New Era in the Management of Melanoma Brain Metastases

The remarkable advances in the systemic therapy of metastatic melanoma have now extended the 1-year overall survival rate from 25% to nearing 85%. Systemic treatment in the form of BRAF-targeted therapy and immunotherapy is slowly but surely proving its efficacy in the treatment of metatstatic brain metastases (MBM). Single-agent BRAF inhibitors provide an intracranial response rate of 25% to 40%, whereas the combination of BRAFi/MEKi leads to responses in up to 58%. However, the durability of responses induced by BRAFi/MEKi seems to be even shorter than in extracranial disease. On the other hand, single-agent ipilimumab provides comparable clinical benefit in MBMs as it does in extracranial metastases. Single-agent PD-1 anitbodies induce response rates of approximately 20%, and those responses appear durable. Similarly the combination of CTLA-4+ PD-1 antibodies induces durable responses at an impressive rate of 55% and is safe to administer. Although the local treatment approaches with radiation and surgery remain important and are critically needed in the management of MBM, systemic therapy offers a new dimension that can augment the impact of those therapies and come at a potentially lower cost of neurocognitive impairment.

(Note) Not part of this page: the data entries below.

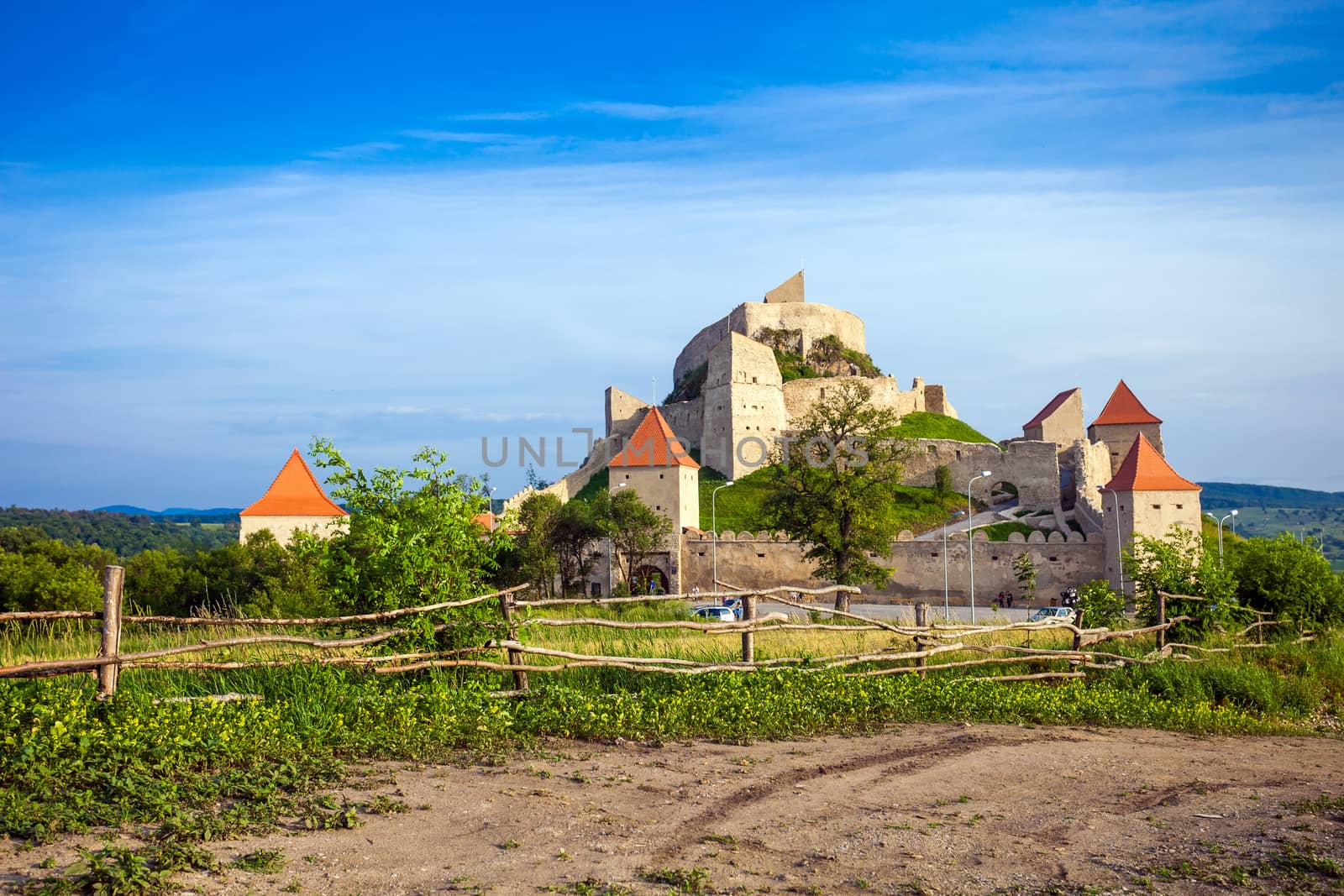Rupea, Romania - June 23, 2013: Tourists visiting the old medieval fortress on top of the hill, Rupea village located in Transylvania, Romania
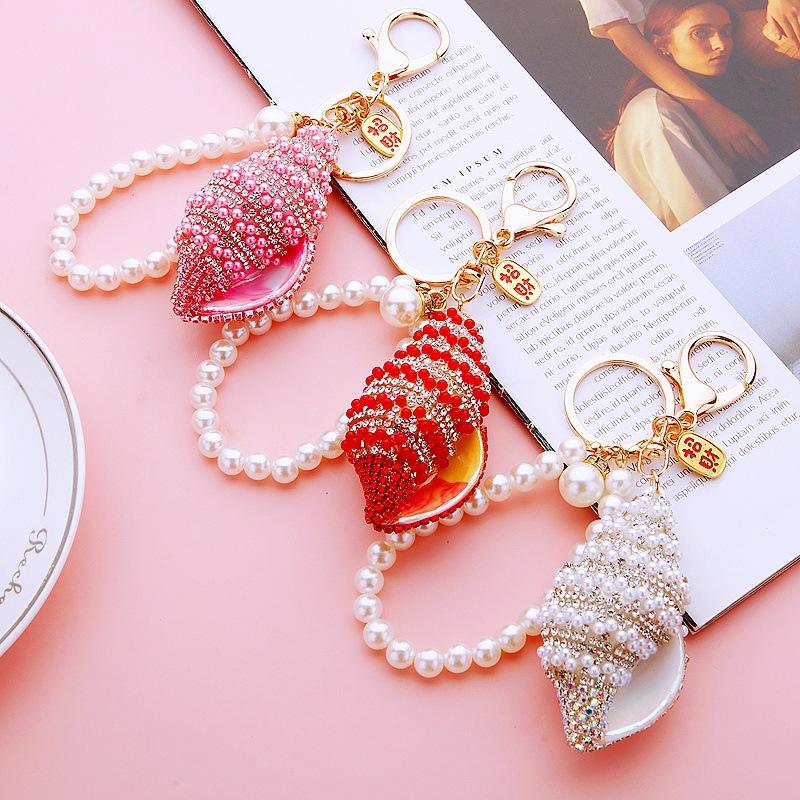 Conque de chaîne de perle de couleur aléatoire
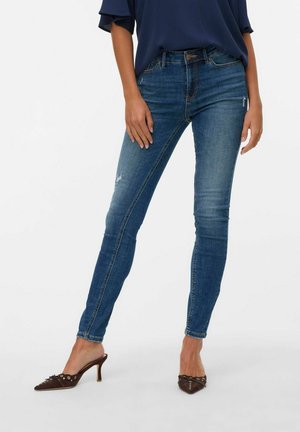 Skinny blue denim jeans with a faded finish, slight distressing, and a mid-rise waist, paired with dark brown heeled mules.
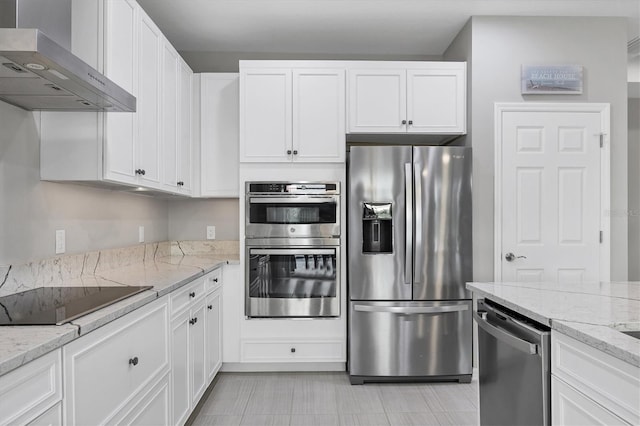 kitchen featuring wall chimney range hood, appliances with stainless steel finishes, and white cabinets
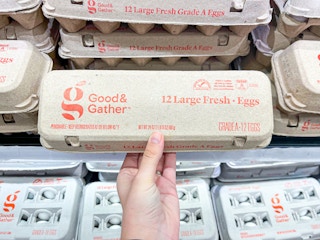 A person holding a carton of a dozen eggs.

Considerations for combining those modalities are direly needed, in addition to considering novel systemic combinations that target mechanisms specific to MBM. In this report, we will discuss the underlying biology of melanoma brain metastases, the clinical outcomes from recent clinical trials of targeted and immunotherapy, and their impact on clinical practice in the context of existing local therapeutic modalities.